Sucuri, a website security company that specializes in securing WordPress (and other CMS) sites, announced that SSL certificates are now available at no cost to all customers who make use of the company’s firewall. As a sponsor of the Let’s Encrypt initiative, Sucuri joins Automattic as one of the first companies to fully automate free SSL Certificates for all customers. The company has also enabled the new HTTP/2 protocol by default, which offers significant performance advantages compared to raw HTTPS.
Unlike WordPress.com, which does not allow users to disable encryption, Sucuri offers a “No HTTPS” option which will force all traffic to be redirected to HTTP. Customers can also select from partial SSL, full SSL, and Custom SSL (where they can use their own certificates).
Despite their sponsorship of the Let’s Encrypt initiative, Sucuri’s founders emphasized that SSL support is not a magic wand that instantly makes your website secure, since it only protects information transferred between the browser and web server.
“Even though we are providing SSL certificates to all our clients, we don’t subscribe to the idea that every website needs HTTPS enabled,” Sucuri CTO Daniel Cid said. “The idea that this makes for a more secure web is inaccurate.”
Cid and co-founder Tony Perez share a perspective tempered by years of experience fixing hacked websites. The majority of compromises come through brute force attacks, software vulnerabilities, and DDOS attacks.
In a post titled HTTPS Does Not Secure Your Website, Sucuri CEO Tony Perez identified three general instances where SSL is essential: when transferring personal identifiable information, transaction data in e-commerce, and other sensitive data. Outside of these scenarios, HTTPS is not as critical.
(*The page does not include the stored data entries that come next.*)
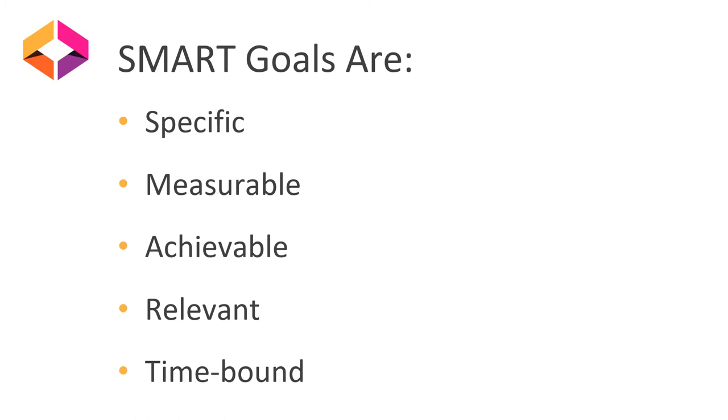The next one is relevant. You want to ask yourself, does this fit into your larger goals? Is it the right time for this goal? Or what is the why of your goal?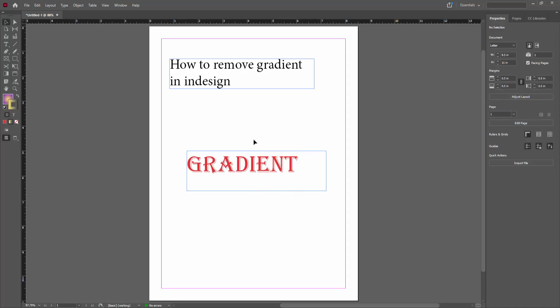Now you can see how to remove gradient in InDesign very easily. I hope you enjoyed my video. Please like, comment, share, and subscribe to my channel. Thanks for watching.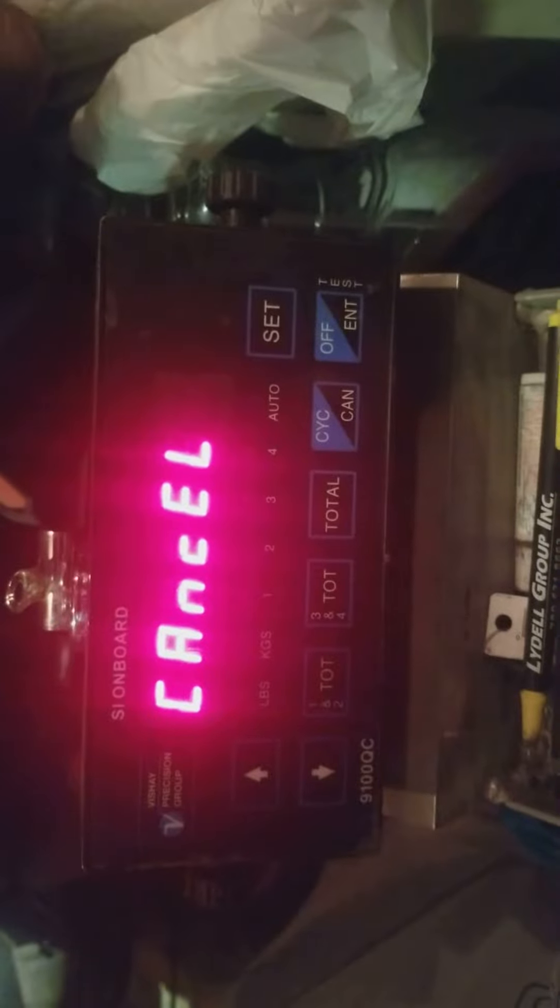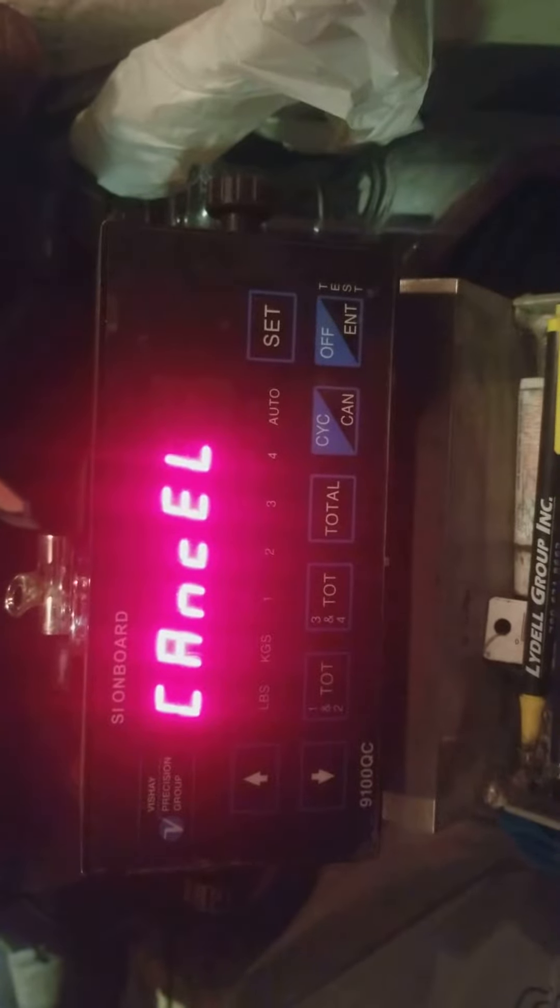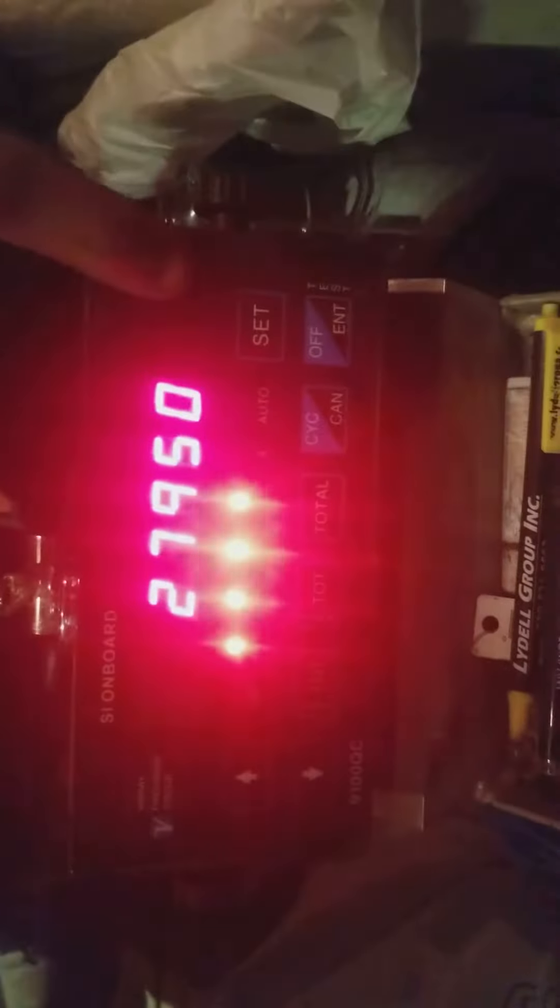If you get screwed up at any point, just hit cancel. Nothing changes. Okay, same thing.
“I have no doubt that HTTPS will continue to grow in popularity,” Perez said. “What I take exception to is when technology professionals say that one of the driving factors for HTTPS is it’ll secure your website, because it won’t.”
Sucuri only recommends HTTPS for customers who are already taking security seriously and want to add protection for data in transit. The company suggests putting more basic security measures in place first – keeping your software updated, implementing intrusion detection, getting code reviews, and storing passwords securely.